I should start by apologizing for the lengthy absence I’ve taken but maybe that gives me an opportunity, albeit brief, to impart some wisdom before I get into the meat of what I want to say today.
Life is weird. I’m not exactly shedding light on any new ground there, for sure, but it’s a journey. We can get ourselves onto tremendous highs, lengthy plateaus, and deep lows, all within the series of months, weeks, days… Hell, seconds. Earlier this year, I’d say that I was finally reaching some highs. I got myself clean (again – and holding), found a solid relationship, friendships were good, I was creatively fulfilled… I can’t say that there was any one specific thing that wasn’t going the way I wanted it to. I’ve often found that those moments of peace and tranquility are where it falls apart but, this time, it didn’t. I was in a good place for quite awhile.
So, fast forward a few months, and I’m pretty much miserable, right? I hide it well, unless you’re one of my very close friends, but I’m generally a drag to be around or associate with. I try not to be but I find it hard to be anything but. I’m still clean, thankfully, for maybe the longest I have been in years, but otherwise, everything else has fallen apart.Without getting into particulars, I have been feeling horribly, horribly alone.
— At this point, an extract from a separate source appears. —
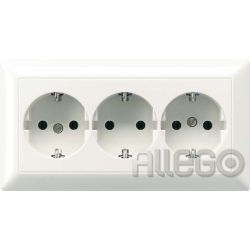 Jung KK-SCHUKO-Steckdose aws 16A 250V 3-fach AS 523 WW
I’ve lost relationships and friendships over the past several months, live by myself and don’t generally go places… Where others in this situation would choose to get themselves out to do things and break from the malaise, I’ve chosen isolation. It’s only been the past week or so that I’ve just driven myself to pull out of it. And that’s what brings me here.
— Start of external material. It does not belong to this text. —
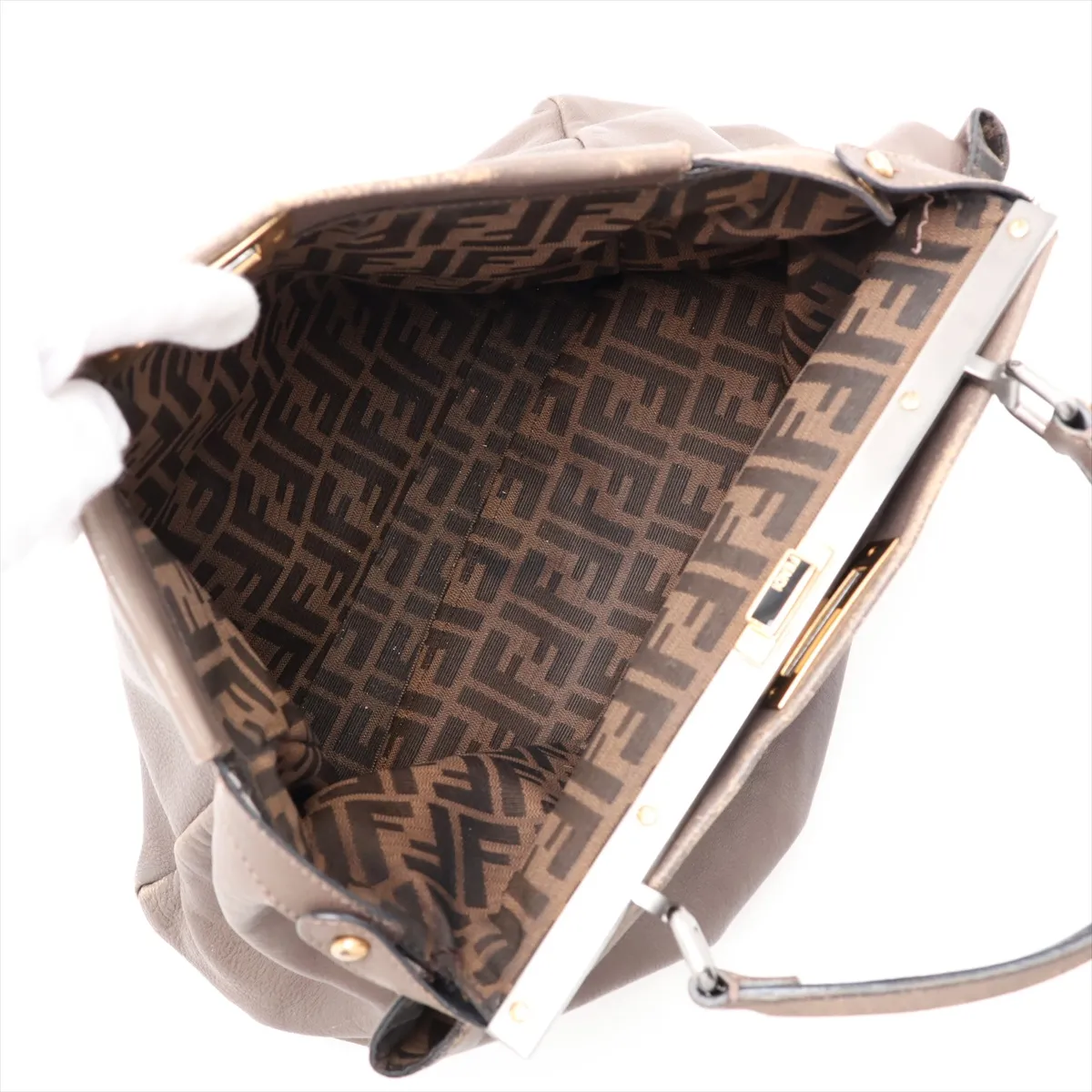 Peekaboo Large Leather 2-Way Handbag Brown 8BN210 — view 9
Like any journey, the road has many exits and you often know where you want to go but get lost along the way, right? This is my last detour, it has to be. Isolation isn’t healthy, or rewarding, and will only serve to send you further into a spiral. I’m choosing a different exit (to continue the dorky driving analogy.)
So, if you’re in the same boat I am/was, let’s try it together. Challenge yourself, don’t rely on others pushing you, it’ll only build resentment. It has to begin at home. Here’s a small sample of what I’ve been pouring myself into the past week or two, a new web series concept that I’m calling “Quarterlife.” I hope to start getting some people together for a table read of sorts in the next few days and MAYBE film this pilot in the next month or so. I have other projects in the pipeline but this is what I wanted to share today because… Maybe my shitty, rambling, too many words story of months of depression can help someone else see there’s a channel for that energy. Find your channel, share it with the world.